Abstract
Water Turbine Unit is the core equipment of water power generation. It is the most important research object in hydroelectric power. The analysis of daily monitoring data of Water Turbines can evaluate its running state and avoid the loss caused by failure. In this paper, A hybrid neural network architecture which CNN combines Transformer is proposed to evaluate the health state of water turbines based on multivariate long time series data. It has two core components: (i) dilated convolution applies to capture low-level and local semantic information, then the output of convolutional layers is divided into subseries-level patches by time, these patches are regarded as input tokens of Transformer layers; (ii) utilizing self-attention of Transformer to extract high-level and global semantic information. Patching design naturally has benefit as follow: (i) local semantic information is retained in Transformer input tokens and high-level semantic confirm to common sense of human understanding through low-level construction; (ii) the length of Transformer input sequence is greatly shorted and attention can be more concentrated compared with point-wise form. Meanwhile, the computation and memory usage reduces at the same time. The experimental result indicates that the hybrid architecture can achieves excellent performance in time series understanding.
Keywords
Introduction
Electricity is an indispensable power resource for modern industrial and life. Hydropower generation is an important branch of electricity production. Compared with other power generation methods, it has many advantages, such as renewable, environmental protection, etc. Hydro turbine is a kind of fluid machinery widely used in the field of hydropower generation, and is the core power generation equipment in hydropower stations. Its main function is to covert the kinetic energy of the water flow into mechanical energy, and the drive the power generation equipment to convert the mechanical energy into electrical energy. Its failure will be cause huge economic losses and safety hazards. Traditionally, maintenance personnel analyze the operating status of the unit through daily monitoring data, while, due to differences in manufacturing technology, various operating environment, inexperience of the maintenance personnel, it becomes a difficult problem to detect and find abnormalities in the early stage, especially the slight fluctuations in monitoring data. Therefore, it is a general trend to solve the above problems through AI technology.

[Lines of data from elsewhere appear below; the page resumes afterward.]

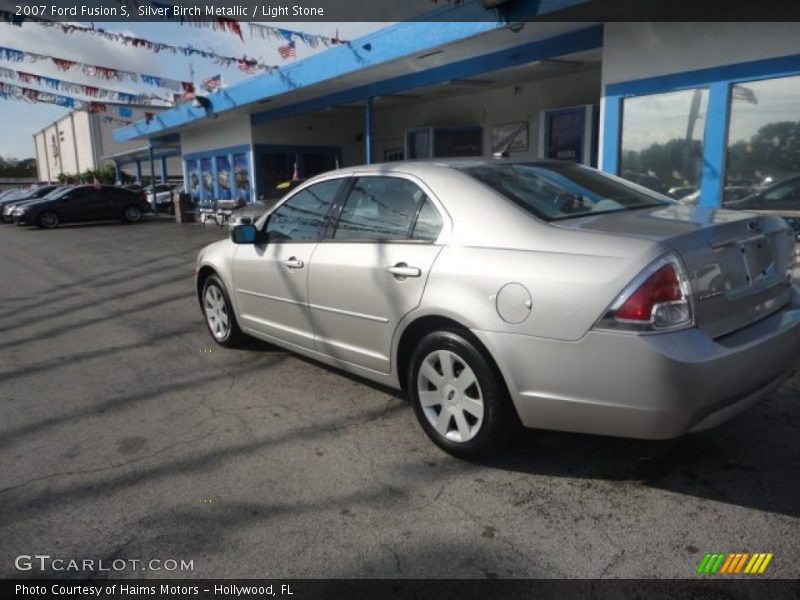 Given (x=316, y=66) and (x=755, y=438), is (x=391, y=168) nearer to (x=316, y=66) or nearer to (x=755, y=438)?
(x=755, y=438)

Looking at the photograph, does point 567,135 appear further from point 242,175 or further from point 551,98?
point 242,175

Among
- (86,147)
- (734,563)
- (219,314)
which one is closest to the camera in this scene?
(734,563)

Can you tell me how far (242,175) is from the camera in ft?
66.5

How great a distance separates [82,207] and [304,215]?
20.7m

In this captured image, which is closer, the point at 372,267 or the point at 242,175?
the point at 372,267

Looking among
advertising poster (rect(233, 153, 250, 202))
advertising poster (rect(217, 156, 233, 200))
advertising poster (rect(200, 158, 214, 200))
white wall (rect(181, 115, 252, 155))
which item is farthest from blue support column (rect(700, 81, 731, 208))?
advertising poster (rect(200, 158, 214, 200))

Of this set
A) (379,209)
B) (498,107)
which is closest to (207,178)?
(498,107)

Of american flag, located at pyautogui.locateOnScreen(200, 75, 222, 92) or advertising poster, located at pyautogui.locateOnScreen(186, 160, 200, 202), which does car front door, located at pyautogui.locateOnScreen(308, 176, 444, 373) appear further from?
advertising poster, located at pyautogui.locateOnScreen(186, 160, 200, 202)

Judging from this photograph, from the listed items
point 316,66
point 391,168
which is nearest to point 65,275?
point 316,66

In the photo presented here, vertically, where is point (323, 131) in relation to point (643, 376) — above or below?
above

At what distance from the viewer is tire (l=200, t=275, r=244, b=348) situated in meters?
5.25

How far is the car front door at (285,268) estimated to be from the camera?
166 inches

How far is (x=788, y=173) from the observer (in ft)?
23.9

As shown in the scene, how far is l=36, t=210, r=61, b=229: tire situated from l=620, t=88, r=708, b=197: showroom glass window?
65.4ft
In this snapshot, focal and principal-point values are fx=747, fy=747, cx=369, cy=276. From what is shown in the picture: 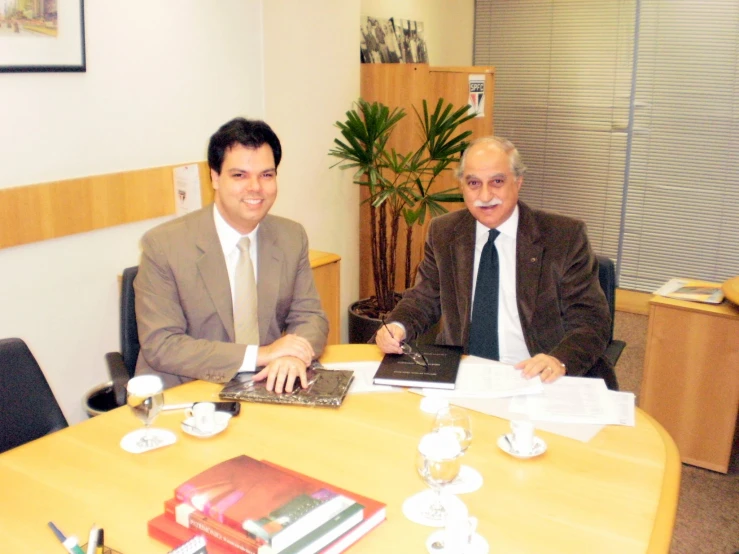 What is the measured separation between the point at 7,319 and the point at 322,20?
89.1 inches

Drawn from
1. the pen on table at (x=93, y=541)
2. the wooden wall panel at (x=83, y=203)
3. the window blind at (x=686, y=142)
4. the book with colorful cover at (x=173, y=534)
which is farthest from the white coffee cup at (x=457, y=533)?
the window blind at (x=686, y=142)

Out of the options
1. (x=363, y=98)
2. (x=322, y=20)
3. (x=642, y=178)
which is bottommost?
(x=642, y=178)

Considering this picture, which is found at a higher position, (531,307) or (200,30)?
(200,30)

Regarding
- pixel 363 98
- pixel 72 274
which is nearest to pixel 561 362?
pixel 72 274

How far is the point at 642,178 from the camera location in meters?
5.49

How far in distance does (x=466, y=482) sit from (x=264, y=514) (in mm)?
448

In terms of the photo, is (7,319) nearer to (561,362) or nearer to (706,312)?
(561,362)

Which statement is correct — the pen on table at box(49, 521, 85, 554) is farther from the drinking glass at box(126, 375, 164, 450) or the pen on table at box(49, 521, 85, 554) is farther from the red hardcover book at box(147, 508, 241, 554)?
the drinking glass at box(126, 375, 164, 450)

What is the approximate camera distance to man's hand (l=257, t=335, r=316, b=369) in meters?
2.09

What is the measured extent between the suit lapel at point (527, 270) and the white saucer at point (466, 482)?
1005mm

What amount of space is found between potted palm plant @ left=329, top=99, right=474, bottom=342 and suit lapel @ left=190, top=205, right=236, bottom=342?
1709 mm

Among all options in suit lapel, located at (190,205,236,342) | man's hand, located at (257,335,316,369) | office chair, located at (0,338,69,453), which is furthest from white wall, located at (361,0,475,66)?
office chair, located at (0,338,69,453)

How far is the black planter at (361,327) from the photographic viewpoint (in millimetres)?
4238

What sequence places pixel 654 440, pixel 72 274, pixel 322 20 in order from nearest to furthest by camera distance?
pixel 654 440 → pixel 72 274 → pixel 322 20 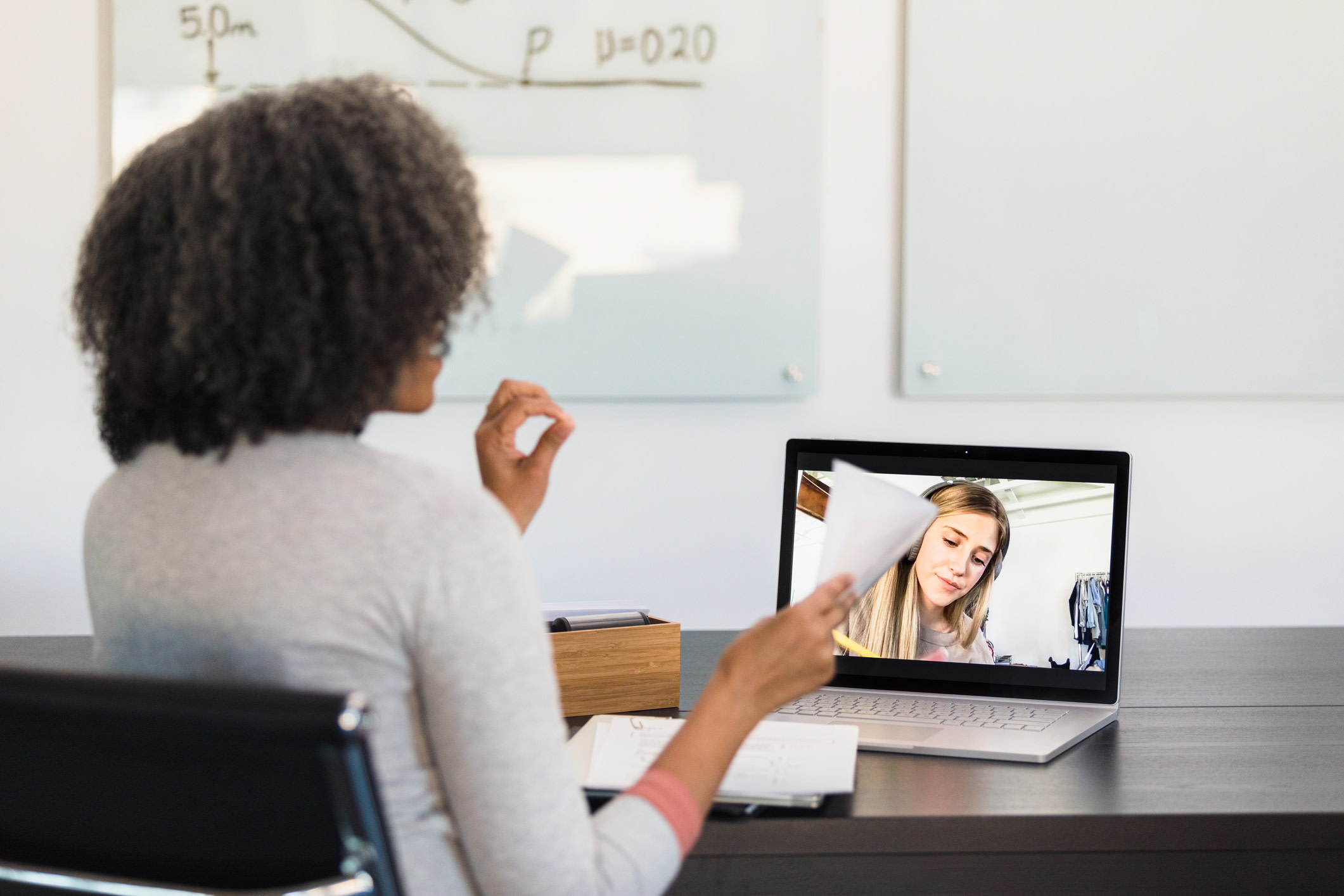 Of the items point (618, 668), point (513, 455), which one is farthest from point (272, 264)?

The monitoring data often tends to span a long period of time, long-term time series analysis requires to sufficient long-term context information, Besides, the local information is also important because of the devil is in the details. Convolutional operator is good at extracting local features via the kernel design. Recently, Transformer have shown great power in sequence modeling and global features extracting with the self-attention module. Based on the above motivations, a new architecture that combines CNN and Transformer for time series classification task is proposed. It has three main components: (i) dilated convolution is used for focus the local details; (ii) Transformer is used for modeling the long-term context; (iii) a module is designed to aggregate the different range information. The task of assessing the health condition of water turbine unit is adopt to verify the validity of our method. It accepts multivariate long time series monitoring data and outputs the faulty component. Experiments show that our method is effectiveness and efficiency in time series analysis application, and we strongly believe this network will be effective on any time series analysis task.
Review of the literature
In the early days, time series classification task mainly relied on machine learning methods. Among the various of approaches, the most impressive one is nearest neighbor applied a distance function [1]. Particularly, the combination of dynamic time warping distance and nearest neighbor was a breakthrough at that time [2]. Later, researchers discovered that ensembling different distance functions and various discriminant models could archive better results. While, the disadvantages of these methods is obvious, machine learning approaches are for structured data, often applied hand-designed features based on statistical theory, unfortunately, time series data is usually unstructured, the transformation between structured and unstructured is accompanied by information loss, and even more fatal is unable to capture the devil of data. Thus, it is necessary to develop a simple method that directly predicts the category of input.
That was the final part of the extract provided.